WHAT THE TASK REQUIRES
Retype the records in full, keeping each character as it is.
===============
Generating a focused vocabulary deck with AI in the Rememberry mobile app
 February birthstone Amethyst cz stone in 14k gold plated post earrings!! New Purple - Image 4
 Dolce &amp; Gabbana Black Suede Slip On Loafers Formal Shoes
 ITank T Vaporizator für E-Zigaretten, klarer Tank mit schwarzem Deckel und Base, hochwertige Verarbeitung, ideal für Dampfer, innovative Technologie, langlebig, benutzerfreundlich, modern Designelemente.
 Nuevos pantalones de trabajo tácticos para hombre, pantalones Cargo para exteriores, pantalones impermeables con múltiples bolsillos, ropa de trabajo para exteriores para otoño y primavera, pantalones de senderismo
===============
EXERCISE RESPONSE
Generating a focused vocabulary deck with AI in the Rememberry mobile app
 February birthstone Amethyst cz stone in 14k gold plated post earrings!! New Purple - Image 4
 Dolce &amp; Gabbana Black Suede Slip On Loafers Formal Shoes
 ITank T Vaporizator für E-Zigaretten, klarer Tank mit schwarzem Deckel und Base, hochwertige Verarbeitung, ideal für Dampfer, innovative Technologie, langlebig, benutzerfreundlich, modern Designelemente.
 Nuevos pantalones de trabajo tácticos para hombre, pantalones Cargo para exteriores, pantalones impermeables con múltiples bolsillos, ropa de trabajo para exteriores para otoño y primavera, pantalones de senderismo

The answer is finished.